Add new loop metadata llvm.loop.unroll.threshold to allow the initial target
specific unroll threshold value to be specified on a loop by loop basis.

The intention is to be able to to allow more nuanced hints, e.g. specifying a
low threshold value to indicate that a loop may be unrolled if cheap enough
rather than using the all or nothing llvm.loop.unroll.disable metadata.

This new metadata is used in setting the default threshold in the target
specific loop options, so only has any effect for targets that make use of
it - in this change only AMDGPU uses this metadata.

This change was originally proposed as an AMDGPU specific change, but
following review comments (see https://reviews.llvm.org/D84779) is now
being presented as generic metadata.

Diff Detail

Event Timeline

timcorringham created this revision.Sep 24 2020, 4:17 AM
Herald added a project: Restricted Project. · View Herald Transcript
timcorringham requested review of this revision.Sep 24 2020, 4:17 AM
timcorringham edited the summary of this revision. (Show Details)Sep 24 2020, 4:21 AM
jdoerfert edited reviewers, added: arsenm, Meinersbur; removed: jdoerfert.Oct 9 2020, 9:15 AM

As implemented, the threshold is specific to the AMDGPU backed. Any possibility to implement it generally in LoopUnrollPass.cpp? If it is indeed intended to just by processed by a single backend, the attribute's name should reflect that, like for the amdgpu-unroll-threshold attribute.

The patch is identical to D84779? The same concerns to the undefined semantics for "threshold" still applies.

I guess the loop unroll threshold metadata could be consumed directly by the LoopUnrollPass.cpp, but that would cut out some functionality that is useful (at least for AMDGPU) - the target specific unroll options code for AMDGPU has heuristics that can adjust the unroll threshold. The metadata gives the starting point, but the value may be increased in he presence of certain constructs. If the metadata was used as the final threshold in LoopUnrollPass.cpp then to get the same behaviour the front-end would have to perform the same analysis to adjust the threshold value - which would have an impact on compile time, and duplicate code, etc.

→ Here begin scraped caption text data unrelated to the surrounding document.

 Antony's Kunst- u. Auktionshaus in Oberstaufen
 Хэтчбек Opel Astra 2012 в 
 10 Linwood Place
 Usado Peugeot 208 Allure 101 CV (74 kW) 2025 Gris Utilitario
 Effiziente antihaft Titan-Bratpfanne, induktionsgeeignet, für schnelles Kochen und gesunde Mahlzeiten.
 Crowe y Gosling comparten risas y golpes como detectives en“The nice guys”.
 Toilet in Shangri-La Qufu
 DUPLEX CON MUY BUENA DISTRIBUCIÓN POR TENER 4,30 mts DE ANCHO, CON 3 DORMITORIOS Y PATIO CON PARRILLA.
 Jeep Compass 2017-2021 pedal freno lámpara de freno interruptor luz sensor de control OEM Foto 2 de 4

As for whether the metadata should be llvm generic or amdgpu specific, I guess the question is whether any other targets would find this useful? My original approach was to make it amdgpu specific, but reviewers considered that it could be generic - hence this second review.

I'm not sure I'd describe the threshold semantics as undefined - I would describe it as imprecise. If a change has the effect of pushing code over a threshold (in either direction), the effect may be undesirable or unexpected, but equally it can mitigate the impact of changes that would otherwise be undesirable. In any case, the threshold approach is used in the loop unroll pass, so using any other control (such as a precise loop unroll count) would require significantly more effort (the unroll count would have to be calculated in advance, which may still use a threshold).

Unlike the reviewers in D84779, I would be OK with it being target specific. We already have precedence for this in form of the amdgpu-unroll-threshold function attribute and this just applied the same information more specifically to loops. I don't see the issue of non-generality being raised in D68873.

I'd object to an llvm.loop.unroll.threshold metadata without even the intend to define/implement it to other targets as well. I think the threshold number itself is inherently target-specific, so I think it is difficult to define "threshold of 10000" to be comparable between AMD, X86, PowerPC, etc.

Sorry you're caught between reviewer's opinions.

timcorringham abandoned this revision.Oct 21 2020, 3:07 AM

OK, thanks for the comments. I'll abandon the generic form of the metadata and have a re-think...